Data excerpts:
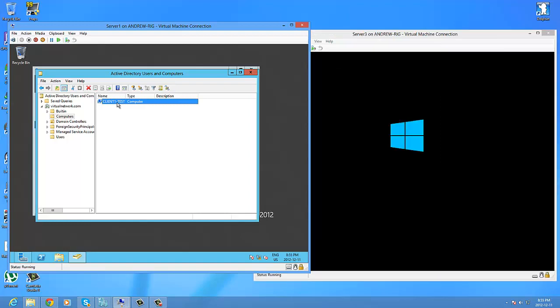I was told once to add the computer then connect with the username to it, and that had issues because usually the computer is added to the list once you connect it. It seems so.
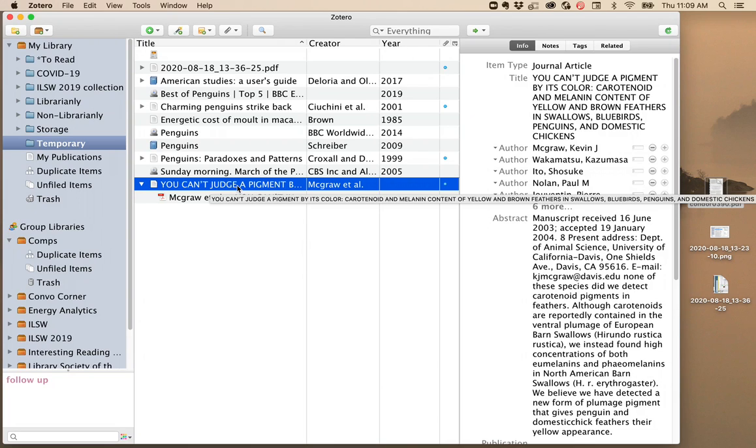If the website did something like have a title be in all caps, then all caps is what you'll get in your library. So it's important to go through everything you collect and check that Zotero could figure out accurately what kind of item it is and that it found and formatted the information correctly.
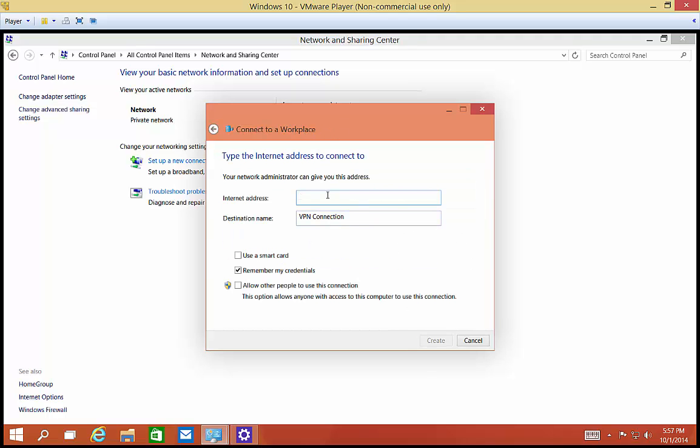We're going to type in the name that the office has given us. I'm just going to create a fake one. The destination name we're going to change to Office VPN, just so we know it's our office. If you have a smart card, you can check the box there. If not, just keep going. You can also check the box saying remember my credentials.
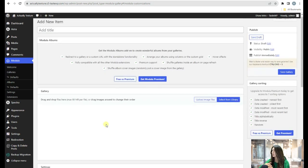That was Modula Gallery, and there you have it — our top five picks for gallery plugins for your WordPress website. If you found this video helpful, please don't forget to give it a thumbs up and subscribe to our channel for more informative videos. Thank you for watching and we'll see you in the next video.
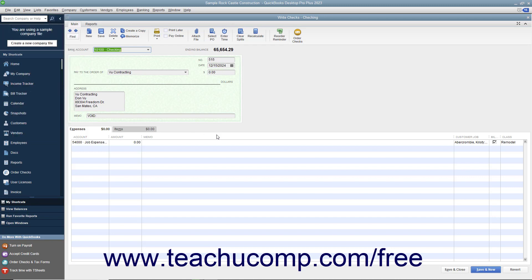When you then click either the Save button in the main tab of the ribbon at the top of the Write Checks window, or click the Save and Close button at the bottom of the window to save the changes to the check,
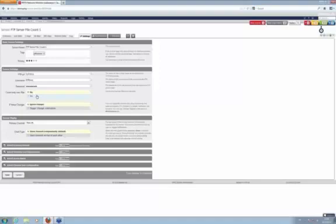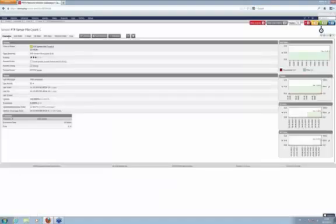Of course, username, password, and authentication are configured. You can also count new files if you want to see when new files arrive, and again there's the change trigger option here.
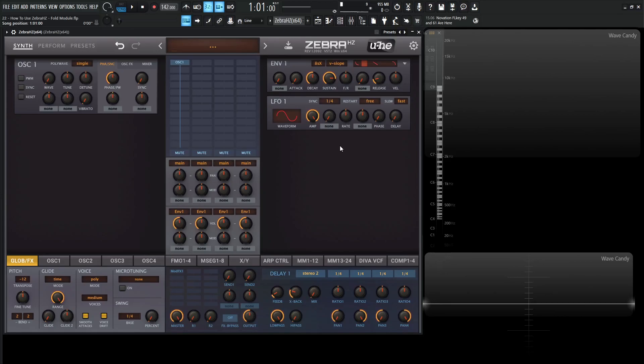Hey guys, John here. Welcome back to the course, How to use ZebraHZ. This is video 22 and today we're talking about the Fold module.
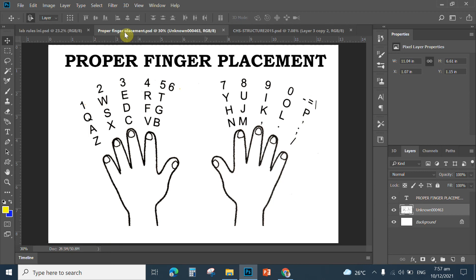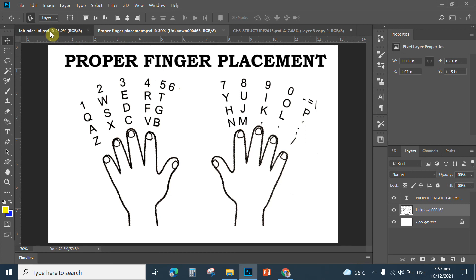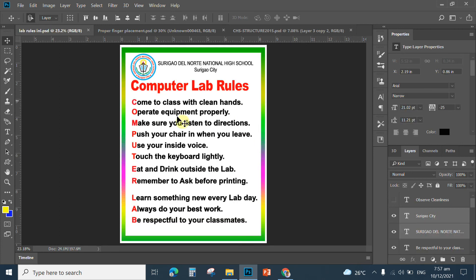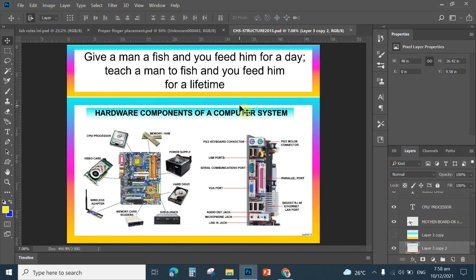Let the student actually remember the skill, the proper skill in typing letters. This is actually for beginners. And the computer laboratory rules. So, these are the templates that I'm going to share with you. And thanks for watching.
==
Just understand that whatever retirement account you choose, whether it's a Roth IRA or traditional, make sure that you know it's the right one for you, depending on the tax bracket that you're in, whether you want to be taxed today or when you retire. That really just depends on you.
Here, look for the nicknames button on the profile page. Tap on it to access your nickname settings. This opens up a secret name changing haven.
--
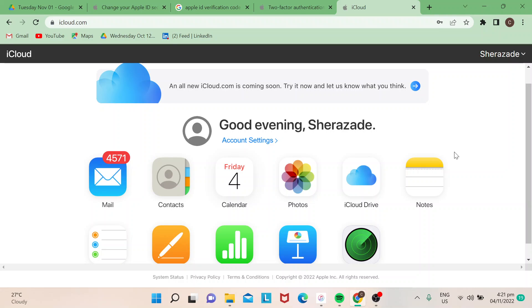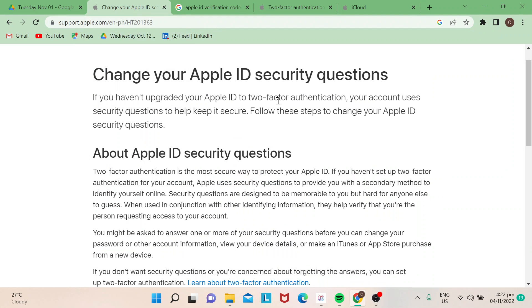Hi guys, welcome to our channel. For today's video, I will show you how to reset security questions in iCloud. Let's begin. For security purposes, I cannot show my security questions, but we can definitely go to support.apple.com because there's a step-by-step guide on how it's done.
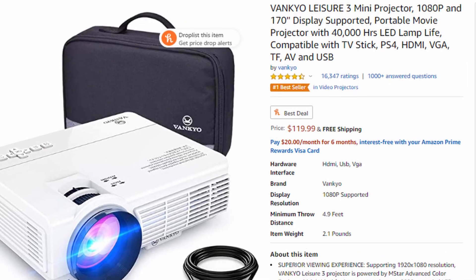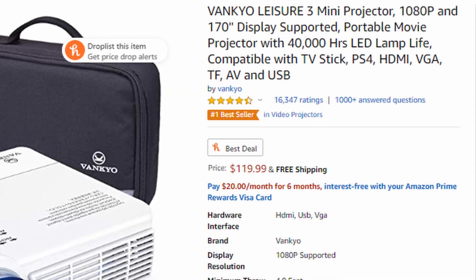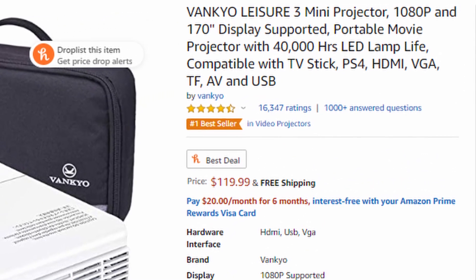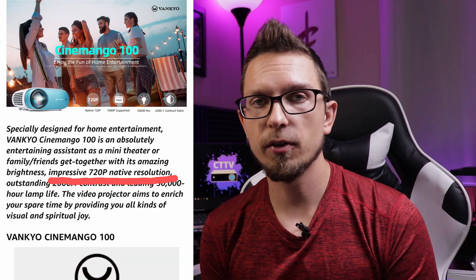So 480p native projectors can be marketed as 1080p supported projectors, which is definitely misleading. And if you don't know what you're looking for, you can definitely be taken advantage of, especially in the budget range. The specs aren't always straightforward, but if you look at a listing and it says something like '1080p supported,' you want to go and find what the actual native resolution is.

Exercise requirements:
Output exactly the lines above, beginning at the one with "I was told once" and stopping after the one with "When you then". Pictures are to be omitted.

Response to the exercise:
I was told once to add the computer then connect with the username to it, and that had issues because usually the computer is added to the list once you connect it. It seems so.
If the website did something like have a title be in all caps, then all caps is what you'll get in your library. So it's important to go through everything you collect and check that Zotero could figure out accurately what kind of item it is and that it found and formatted the information correctly.
We're going to type in the name that the office has given us. I'm just going to create a fake one. The destination name we're going to change to Office VPN, just so we know it's our office. If you have a smart card, you can check the box there. If not, just keep going. You can also check the box saying remember my credentials.
That was Modula Gallery, and there you have it — our top five picks for gallery plugins for your WordPress website. If you found this video helpful, please don't forget to give it a thumbs up and subscribe to our channel for more informative videos. Thank you for watching and we'll see you in the next video.
When you then click either the Save button in the main tab of the ribbon at the top of the Write Checks window, or click the Save and Close button at the bottom of the window to save the changes to the check,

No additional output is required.